Autism and Magic
A new study by Gustav Kuhn, Anastasia Kourkoulou, and Susan R. Leekam offers surprising results about people with autism and sleight of hand: we seem to be easier for magicians to fool than neurotypical people are. Since magicians rely on misleading visual cues to direct an audience's attention, it would make sense that people on the spectrum, who tend not to see social cues, might be less likely to be fooled by those cues. And yet that appears not to be the case.
SviVee offers a cool option in which in you can simultaneously watch Kuhn's video about the experiment while relevant sections, including both text and pictures, from the paper are highlighted. Some people might find it too much to process at once, especially considering the results of the experiment, but I thought it was a good use of Web technology to explain something efficiently and effectively.
http://www.scivee.tv/node/25133
In the experiment, participants watch a video in which a magician makes a ball disappear by throwing it a couple of tims, then pretending to throw it while actually hiding it in his palm. The hypotheses was that autistic people would be harder to fool, because previous experiments showed that the trick was most effective when the magician pretended to look where the imaginary "thrown" ball would be, and because eye-tracking data indicated that people looked more at the magician's face than they did at the ball. Autistic people frequently have difficulty looking at faces and often seem more interested in objects than in people, so this was logical.
However, people with autism were more likely than neurotypical people to think they had seen a ball when none was there. Moreover, they spent just as much time looking at the magician's face as NT people, but were much slower to do so. They were also less likely to actually spot the ball during the times when the magician did actually throw it.
The ultimate conclusion that Kuhn et. al. draw here seems absolutely correct: that people with autism have difficulty allocating attention effectively in complex situations. In other words, when there are multiple places we need to look at almost the same time, we are more likely than NT people to be confused.
What bothers me here is the suggestion that this experiment reveals very much about how we process social cues. I do not think looking at a ball is a social cue-- it's a visual cue. It has nothing to do with relationships between people, and those are the sorts of social cues that people with autism have difficulty with. I can tell where people are looking; I can't always tell how they feel about what they are looking at.
I also think the use of video makes it a bad idea to use this study to draw conclusions about people with autism and social cues. I can tell what people on TV are feeling much more easily than I can what people in real life are doing. I think this is in part because I can look at them however I want, without making them uncomfortable or angry. I wonder if the results would be similar if the participants were observing in real life rather than on video. Even if they were, I'm not sure that would really say anything about social cues. A magician is a performer, so looking directly at his face is less threatening than looking at someone I am talking with would be.
mikey1138
Pileated woodpecker
Joined: 5 Jun 2010
Age: 43
Gender: Male
Posts: 194
Location: This Island Earth
Very interesting, Vector. The one thing we are taking away from my son's treatment with RDI (which we are now discontinuing) is the view that autism is about difficulty allocating and organizing brain resources; it makes sense to me.

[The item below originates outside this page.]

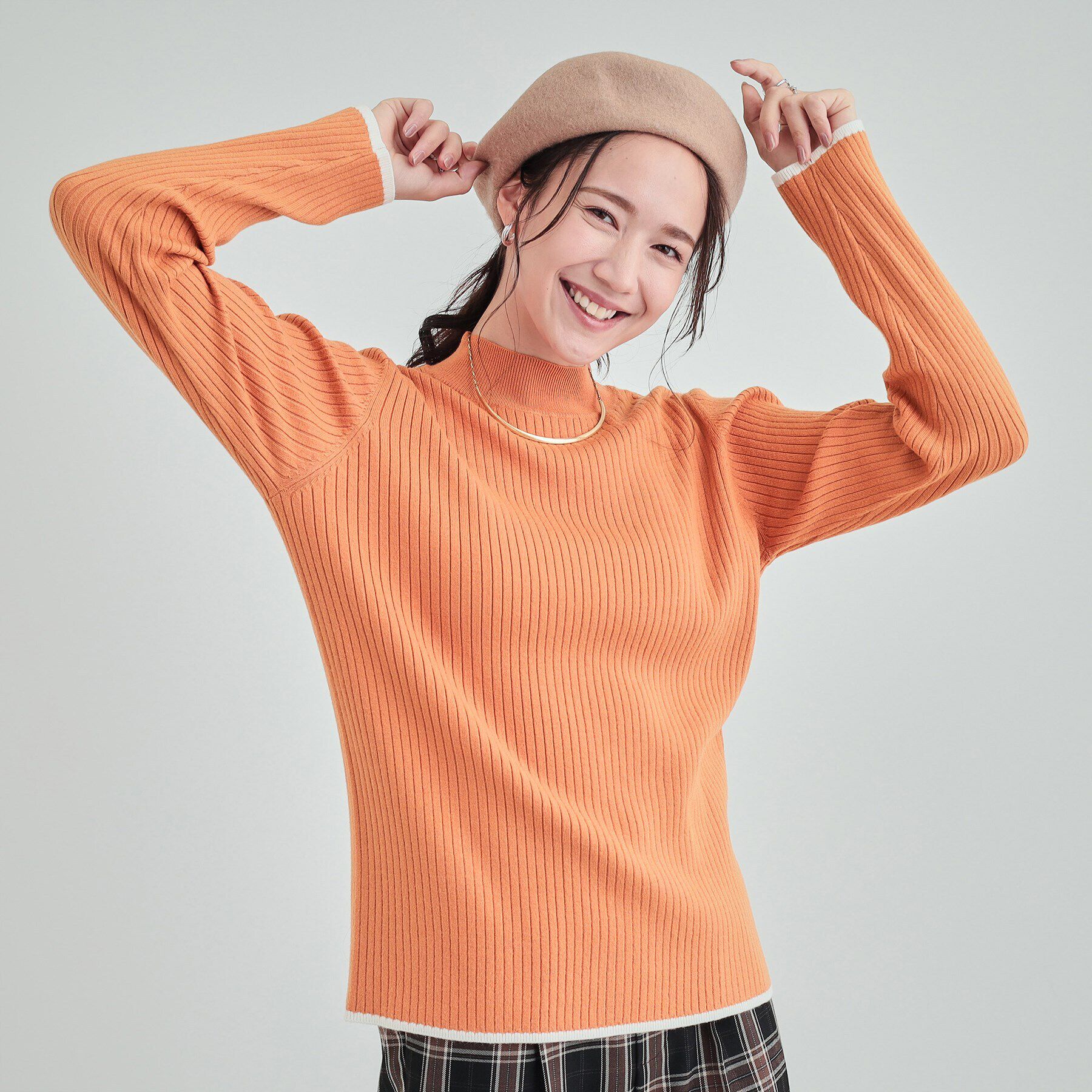 SHOO･LA･RUE「【洗える】1枚でこなれ見え 配色ライン リブハイネックニット」|ニット・セーター|オレンジ(067)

I have a friend who is a slight-of-hand magician - I've worked in the "variety arts," myself and have a bit of an in. I may or may not have features of autism, but I spent one afternoon watching him do a trick involving misdirection - and with full knowledge of what he was doing and how he was doing it, was unable to resist the misdirection. It was fascinating to helplessly feel my eyes follow the directing hand.
While I agree with you that magic doesn't necessarily involve social communication, it does take advantage of human social cues: some misdirection involves eye contact and the ability of one person to draw the eye of another (frequently magicians misdirect by getting someone to follow their gaze - it would make sense that autistics wouldn't be fooled by that, particularly those who don't make eye contact at all.) This is a good article about the types of techniques that theoretically might not work on autistics: http://psychology.jrank.org/pages/949/2 ... ntion.html
However, there are other methods of misdirection that are common, and take advantage of more lizard-brain visual tendencies: most notably, the tendency to look at movement. From my experience with myself and my son, this is something we are hyper-sensitive to; I would guess that autistics are more likely to be "fooled" by this kind of misdirection than the average person. It is important to note that both the head and eyes of the magician are MOVING, and are much larger than the ball. Essentially, I agree with you - but I think it has less to do with the ball, and more to do with movement. This article has a lot of information about both: http://www.leirpoll.com/choreographic_misdirection.htm
I think the study over-focuses and misinterprets that the participants with autism were tracking the head/eye movement of the magician without accounting for whether or not autistics may follow eye and head movement even if they don't usually meet someone's gaze.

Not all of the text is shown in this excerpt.